En una vivienda alquilada de la calle San Gervasio (Barcelona), envuelta en suma pobreza y soledad, viviendo de limosna y recibiendo ayuda prestada por compasión a su humilde vida, Juana Gratias Fabré, el 24 de diciembre de 1903, ultimaba su carrera mortal tras 79 años de vida entretejida en fidelidad absoluta a Dios y lealtad incondicional a su padre y fundador
Murió en ‘nochebuena’, serena, en actitud ejemplar de resignación, paciencia y conformidad, ‘sin quejas de nada ni de nadie’, con esperanza inconmensurable en Dios y amor insondable a su Congregación, dio el paso definitivo a la Vida. La muerte, como nacimiento verdadero y culminación de la existencia humana, es un continuo y hermoso proceso de vida. Toda carrera vital, irrepetible, llega tarde o temprano al término y entonces se hace eternidad (K. Rahner)
La vida es un desafío: si la soportamos pasivamente se convierte en un peso; si la asumimos responsablemente se convierte en don. Este don fue la aceptación sin fisuras de lo que Juana creía ser voluntad de Dios. Don que la mantuvo firme y constante en sus actuaciones a pesar de las complejas adversidades en la que se vio implicada. Fue la sierva buena y fiel del Evangelio.

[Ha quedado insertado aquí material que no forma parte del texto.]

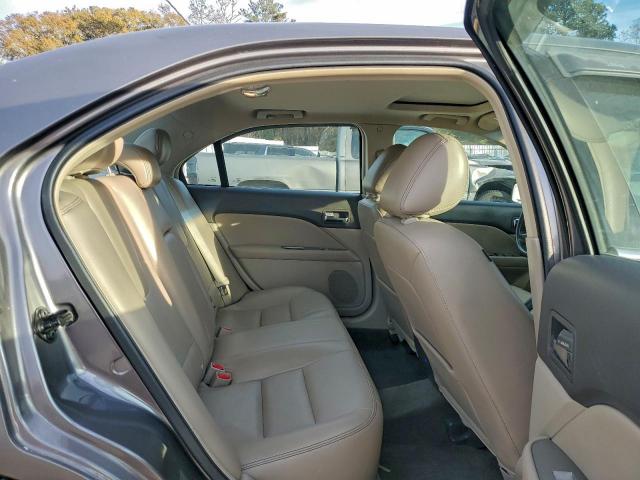 Ford Fusion Sel Image 10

En este contexto de liturgia navideña nos sentimos deudoras de sus fatigas fundacionales y confirmamos que Juana hizo suyo lo que cantó el poeta: “Cuando llegue yo, Señor, a la aduana de la muerte, sólo mi amor, mi dolor y mi trabajo habrán embarazado una perla de vida divina, engastada en la proa de mi nao peregrina” Eduardo J. O.